But if you aren't into maintaining all of that or don't understand it or are scared to mess with it, then go ahead and install the plugin. It doesn't do exactly what I wrote for you the other day (no Bitacle images) primarily because it's not targeted only at Bitacle, but at any splogger.
[...] UPDATE: Check out Owen’s post on this, and if you’re a WordPress user, download his new plugin that will do the same thing I mentioned above for you! [...]
Thanks for the plugin Owen, I really appreciate it. Thanks to you and Valerie, I can now feel a bit relaxed about this whole drama. I hope google cancels their adsense account.

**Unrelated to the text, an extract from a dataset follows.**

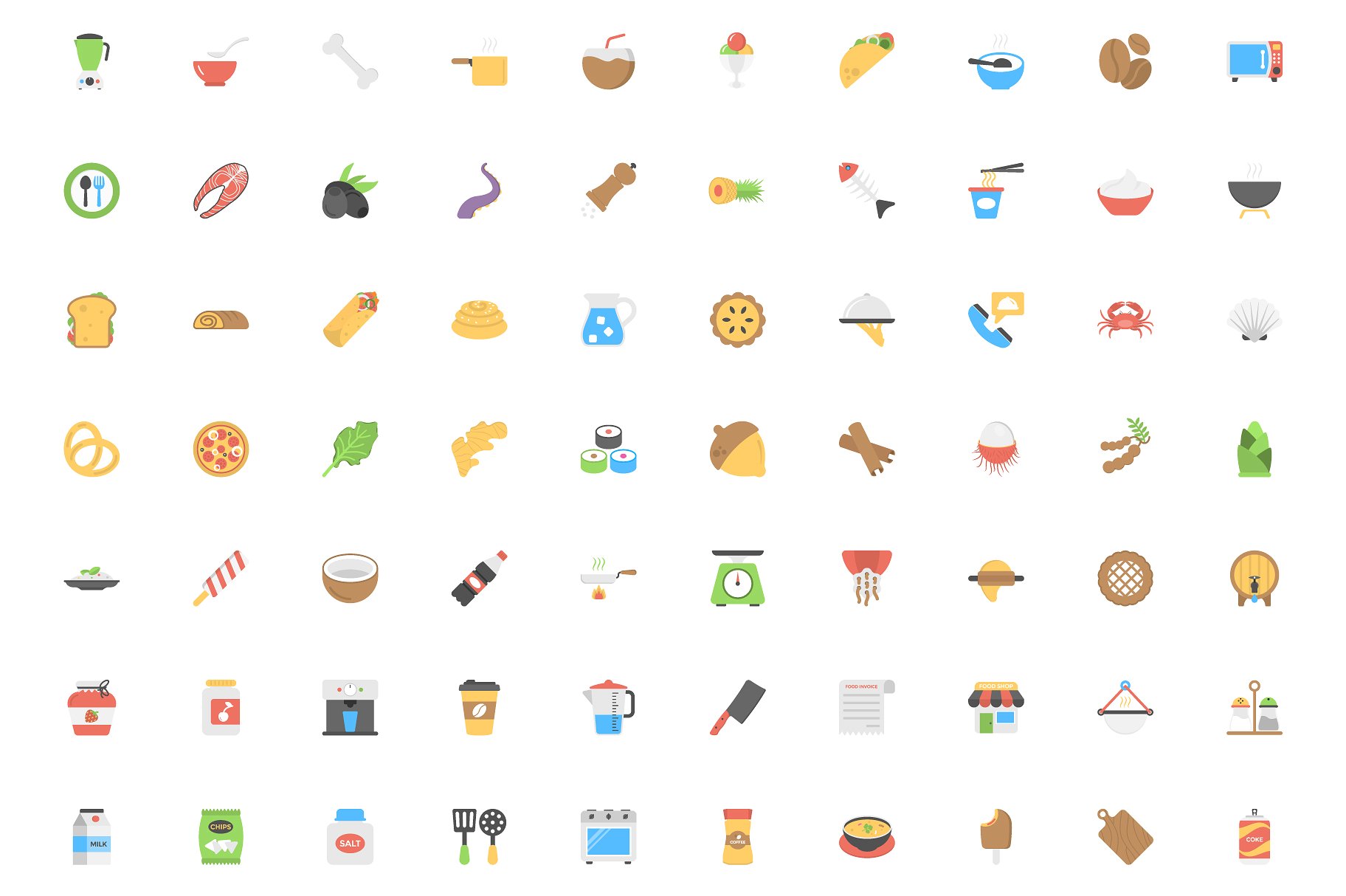 250 Food Flat Vector Icons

You might want to consider renaming this plugin so as not to be confused with these people who have a dubious range of products around "protecting your content".
"Anti" and "Leech" both had meaning before that site used them as their name. Similarly, I think there's a spiced ham with an interesting name.

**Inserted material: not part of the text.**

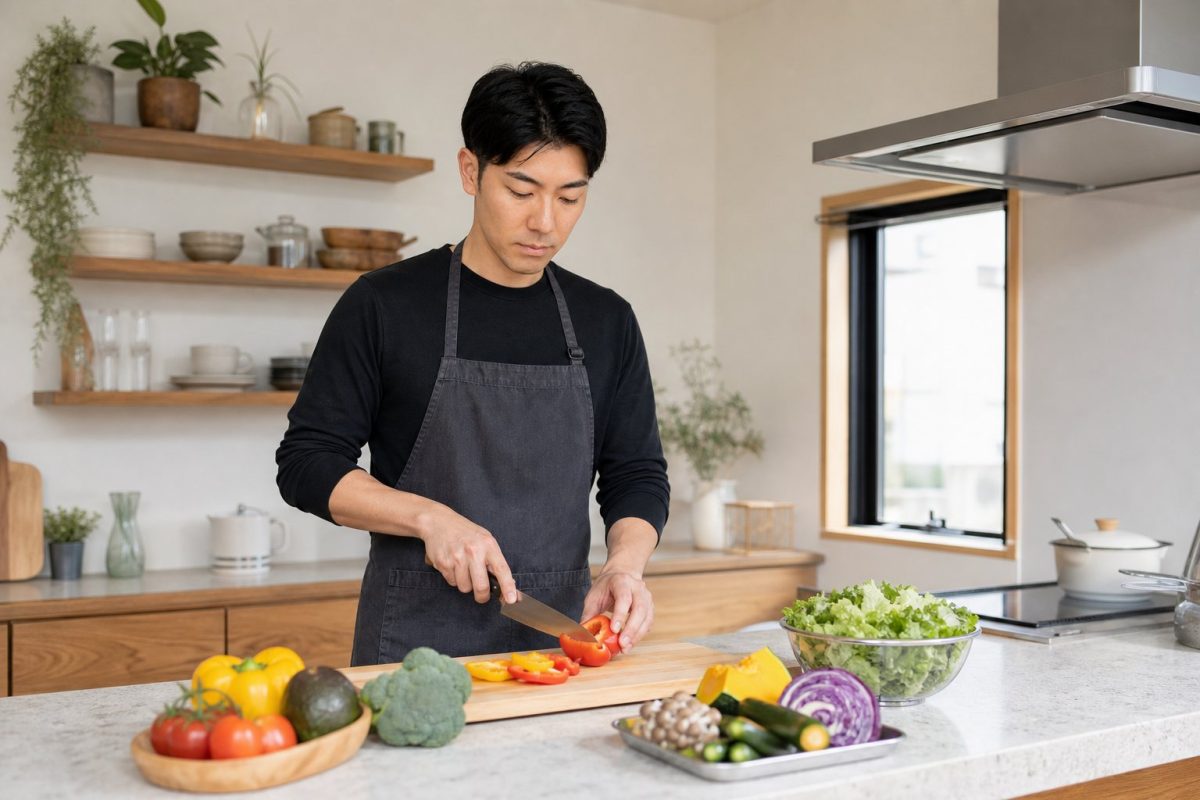 キッチンで野菜を切る男性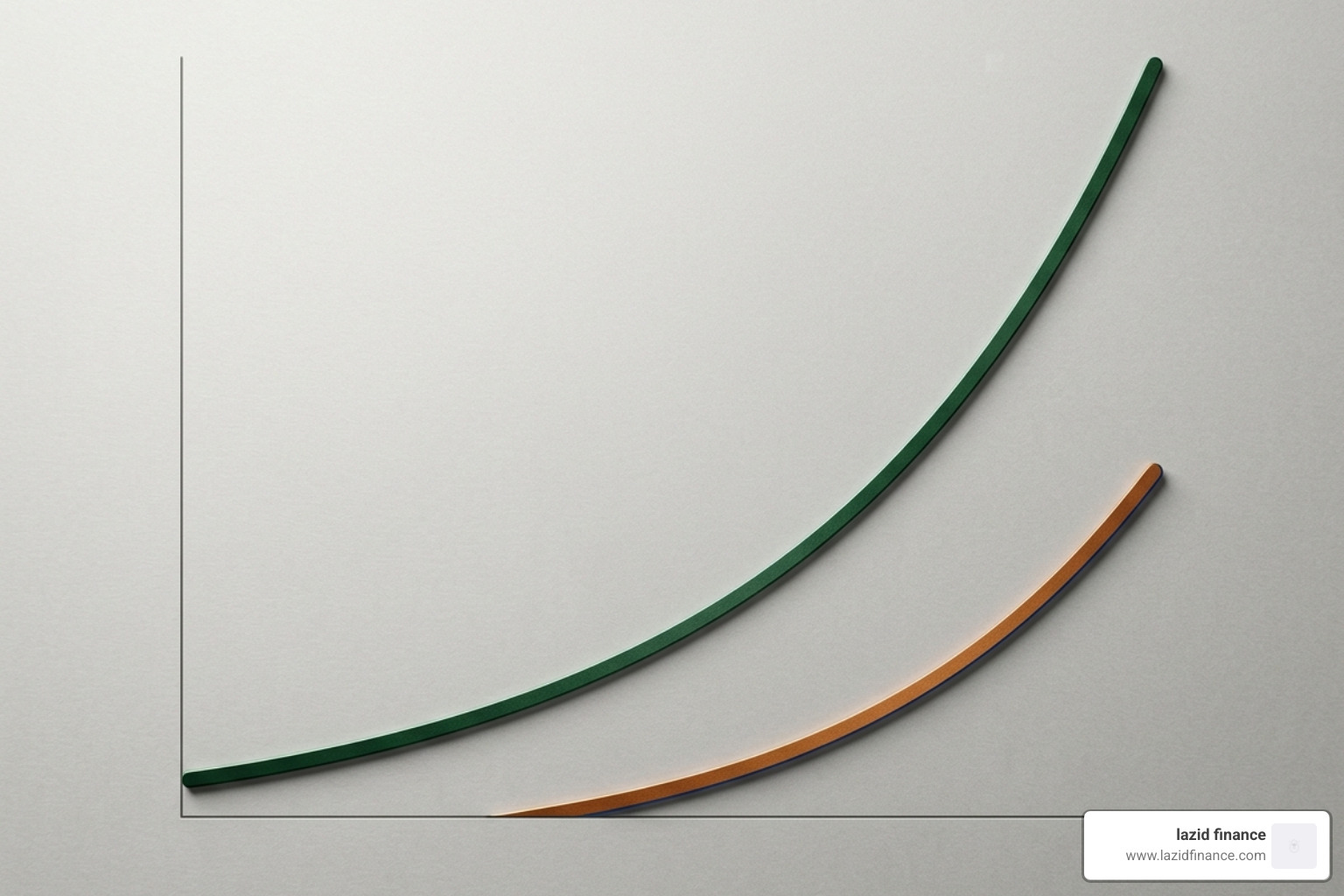 graph showing compound interest growth over 40 years for early vs late starters - list of financial goals for students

In case you really were worried about the plugin's name - no, this plugin is not affiliated with that site.
Thanks for the plugin. It's really good :)
I'd be interested to know what the issue is with the ordered list feedburner plugin, and would also be interested in somehting similar added to antileech so that I can ditch that plugin entirely. I get the impression that OL feedburner plugin is widely used so it may be worth informing the author of the problem since I doubt he is aware of it.
Dear Sir ,
My Question is ;
Publisher sets his own RSS himself. and he decided how many part can be read via RSS.

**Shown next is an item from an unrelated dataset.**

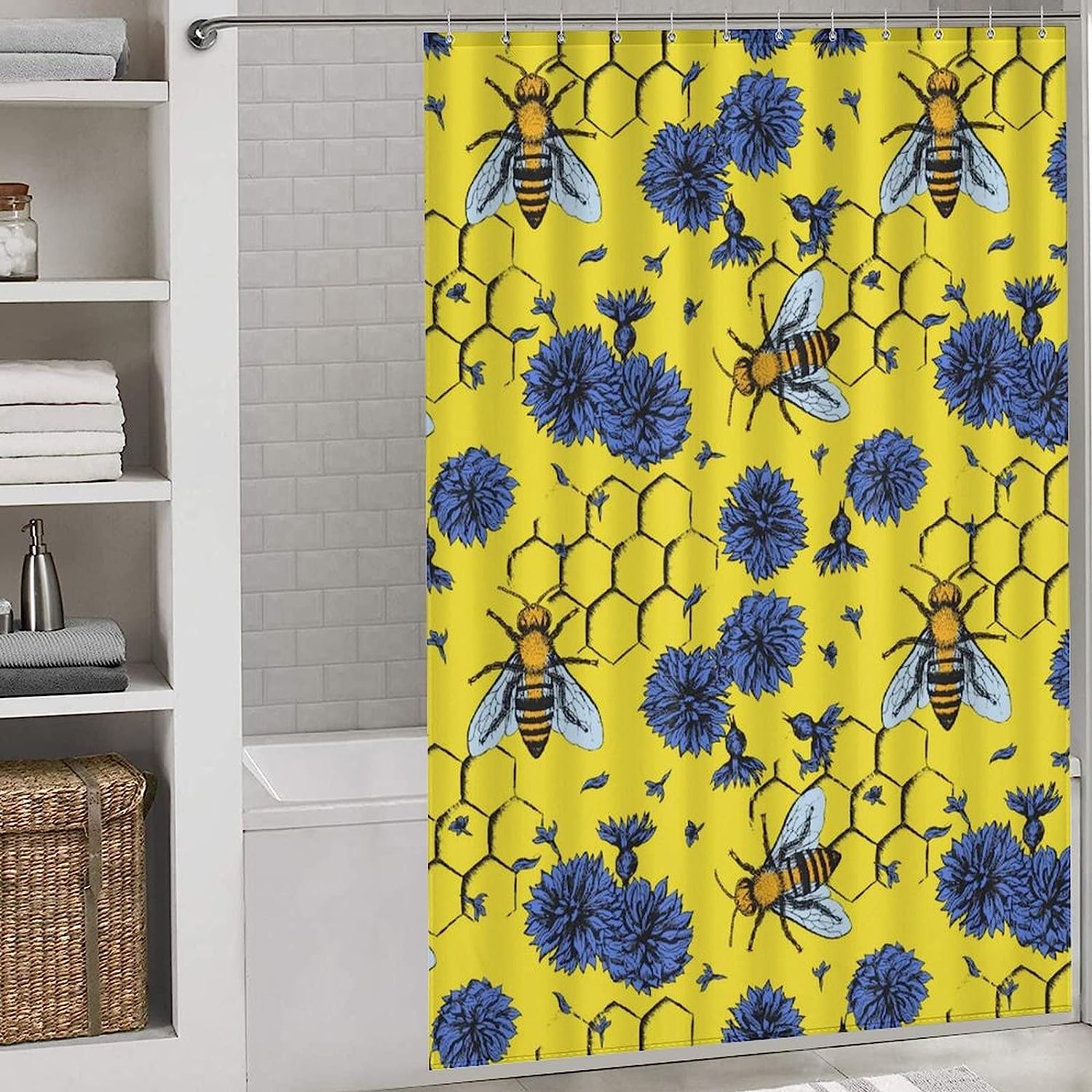 Bees And Flowers Shower Curtain Fashion Bath Curtain - Image 3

if I use this FEED and If I pubish the content which was directly received via RSS ( without any replacement ) and if I add at the end of the content , that where it was taken from with a back link... is it illegal ?
Regards,
Turkay
Turkay: Yes, under most circumstances, that is illegal.
Unless the author of the RSS content has granted you permission to re-publish that content, then you are violating his copyright on that content.
Consider that you would not buy or borrow a book from the library and then produce your own copies of that book for distribution. Regardless of the means of delivery, or the cost of that content, copyright is attibuted only to the authors of the content. If you are not granted the right of publication by the copyright author, you would break the law in publishing it.
If you're looking for a less-restrictive law, you might consider publishing content you create using a Creative Commons license, with which you still retain the copyright, but have granted certain republication permissions by default.
Another good alternative is http://www.anticrawl.com/ which will work on all websites, and only allow Google, MSN and Yahoo in.
I haven't looked at the code for a while, but last time I did, it was blocking Alexa, because of the Wayback Machine.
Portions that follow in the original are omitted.